Starting there and marching through them to marketing, every client comes to me for marketing. They think they have a marketing problem. I don’t mind working on marketing. It’s what I enjoy doing a lot of. At the end of the day, marketing is only the real bottleneck about half the time, and so that’s all the lead generation and qualification and closing and a fulfillment that funnel of the client experience. Then from there, we move into management. Every small business owner hates that word. It might as well be a four-letter word for small business owners because they equate it to bureaucracy. Without effective management, you can’t continue the organization. You run into all sorts of limitations without effective management.

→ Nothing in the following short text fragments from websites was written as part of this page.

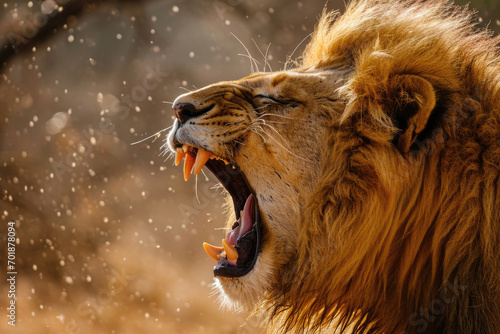 A lion in mid-roar  showcasing the raw power and vocal prowess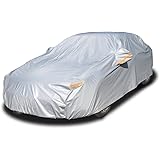 kayme 6 Layers Car Cover Waterproof All Weather for Automobiles, Outdoor Full Cover Rain Sun UV Protection with Zipper Cotton
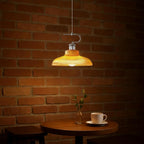 Modern Pendant Light with Ribbed Glass Shade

I’ve boiled down the hacks that work for my clients. You’ll never find any of the management techniques I shared in the book in any Harvard Business Class or a peer-reviewed journal because it’s what works. It’s the very nitty-gritty of what works in the real world with small business owners.
Then we move into systems because you need reliable checklists and documentation and processes for your staff to complete things and to be able to replace staff, so you’re not held hostage by the knowledgeable ones that become pains to deal with or have attitude problems. Then we move into the vision of what’s the point of your business? Now you’ve gone through all these bottlenecks, where are you taking it? There’s only three reasons to start a business. It’s either to grow it, to sell it, grow it, to become a cashflow, the ultimate four-hour workweek, or grow it and pass it onto your kids. Otherwise, you don’t want a job. As Kiyosaki says, “What’s the goal?” Then we develop your bottleneck breakthrough plan and go through some frameworks I’ve developed to use that.

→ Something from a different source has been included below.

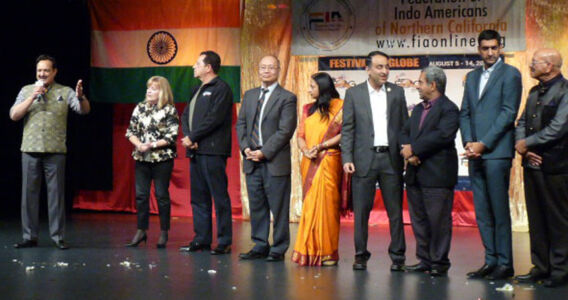 Dr. Romesh Japra (l) greeting dignitaries at the FOG/FIA Republic Day Celebrations in Santa Clara, Calif., Jan. 28. (Vasudha Badri-Paul) page-2017-india-republic-day-78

I finished with mindset because it’s the most important factor for growing a company. You have to deal with new hurdles and new challenges that every revenue plateau you grow through. That’s the framework and it’s comprehensive enough for any business owner to pick it up and read through it. Either go to an acute issue that you know is a bleeding neck issue now or march through the book. Prioritize your bottlenecks and which ones to attack and keep going back over and over. I find that just tackling the next bottleneck and fixing it and getting sustainable but having that fixed to be sustained is the way to compound growth.

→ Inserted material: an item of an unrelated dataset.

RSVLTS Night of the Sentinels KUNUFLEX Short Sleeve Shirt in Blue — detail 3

Everybody comes to you because they want marketing help. We get that. That’s what we go in to close with too. When they come to you for that, how often do you find that that’s not the real issue?
It’s easily 50% of the time, if not more. It depends on the revenue plateau they’re at. I developed what I call the Bottleneck Matrix and it’s the clear defined revenue plateaus that I see companies hit over and over. A half a million is a fuzzy one, but it’s common in small businesses. A million is the clearest delineated one. Then we hit $2 million, $5 million and then $10 million. Then it’s a free fall until $100 million. At each revenue plateau, they’re very clear bottlenecks. If you’re right at a million dollars, you’ve got lead gen figured out. You’ve got what I call a traffic pillar of some kind working. The bottleneck there is operations management because the owner is usually the one out landing business and managing the fulfillment staff. They’re straddling both and they don’t want to increase revenue or increase deal flow because that means more management on the back end, which they don’t enjoy that stuff. Getting somebody in charge of operations fulfillment is the clear solution to that bottleneck in a million dollars, which frees up the owner to go close more and/or bigger deals to get to the $2 million plateau.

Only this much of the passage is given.